- _Information shown_:
=======

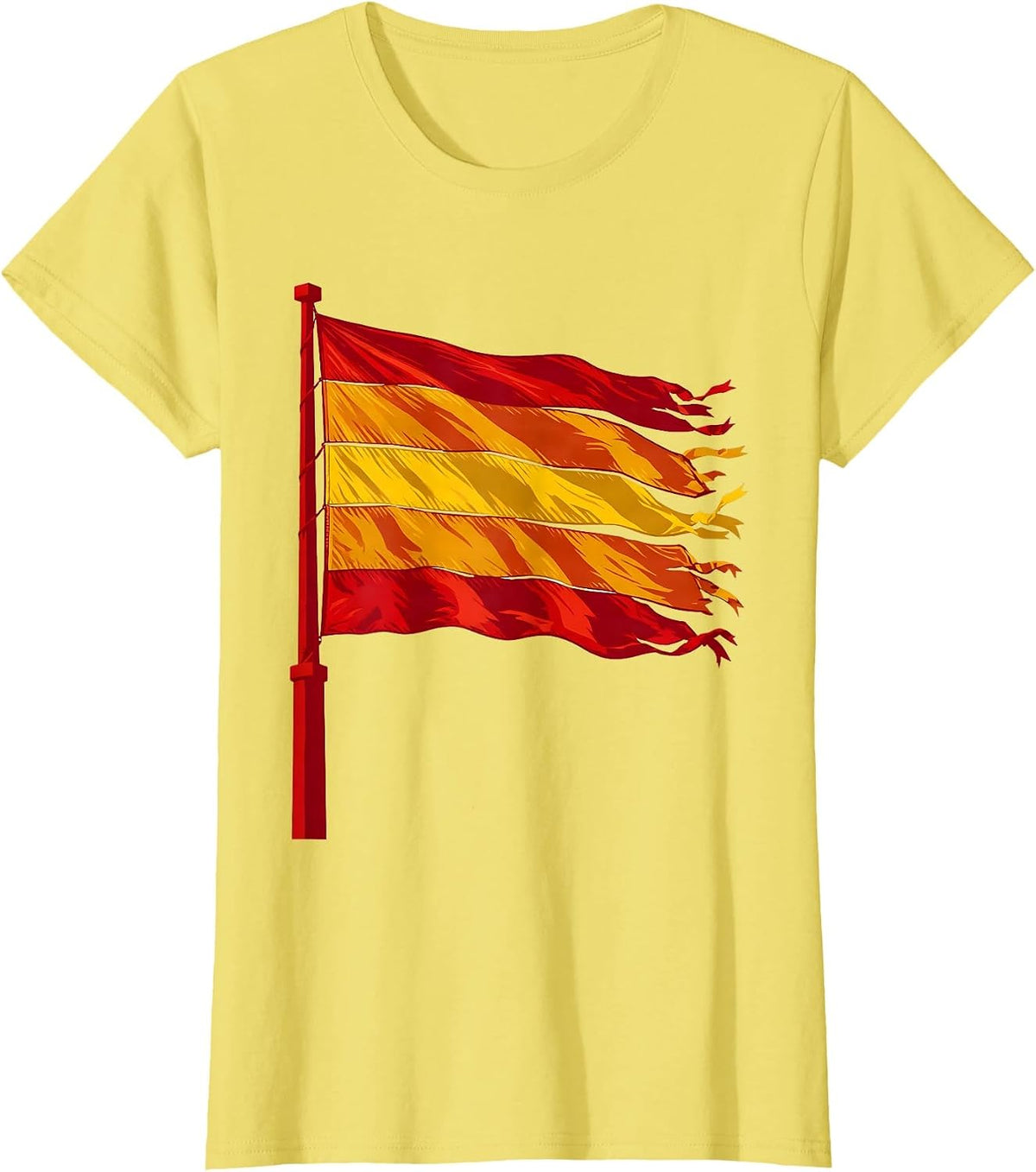 Rainbow Flag in the Wind Pride Graphic T-Shirt - Lemon Yellow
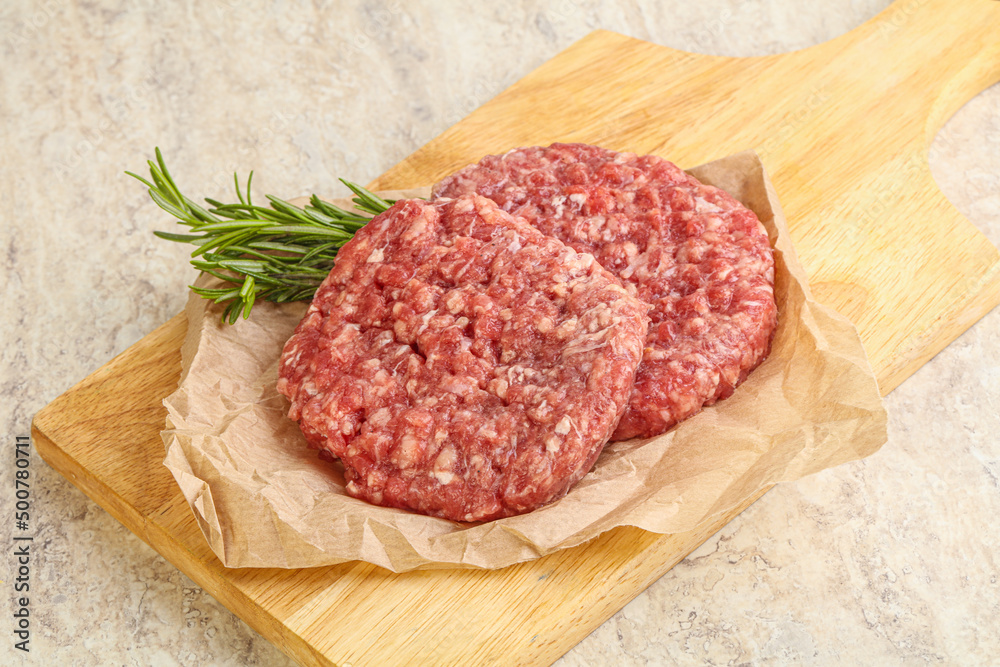 Raw beef burger cutlet for grill Raw beef burger cutlet for grill
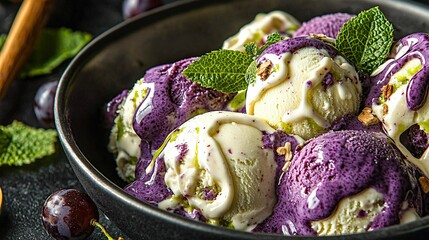 Wall Mural -   A bowl brimming with creamy ice adorned with royal purple and verdant green garnishes, accompanied by a spoon and a wooden spoon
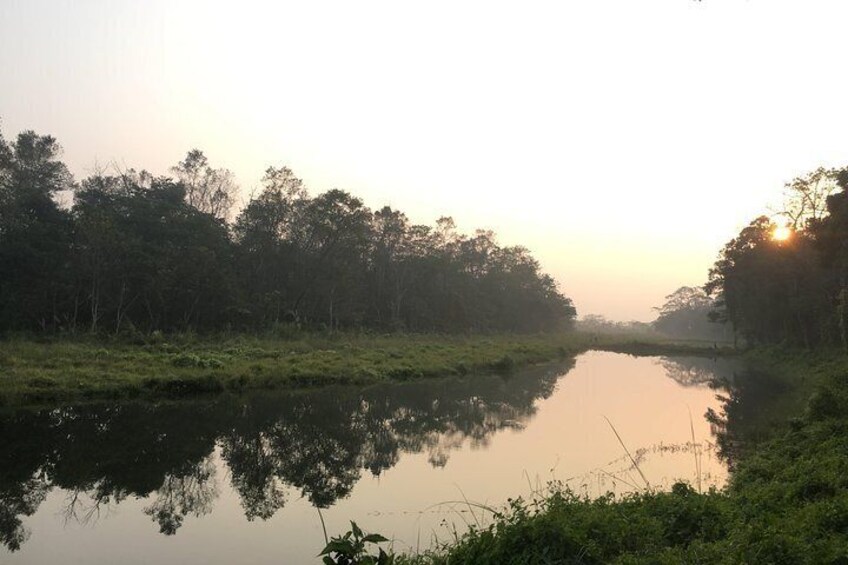 Sunset view in Chitwan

=======

Begin at the line containing "a wooden spoon" and copy every line through the end of the data above exactly, omitting the pictures.

- _Answer to the exercise_:
 Wall Mural -   A bowl brimming with creamy ice adorned with royal purple and verdant green garnishes, accompanied by a spoon and a wooden spoon
 Sunset view in Chitwan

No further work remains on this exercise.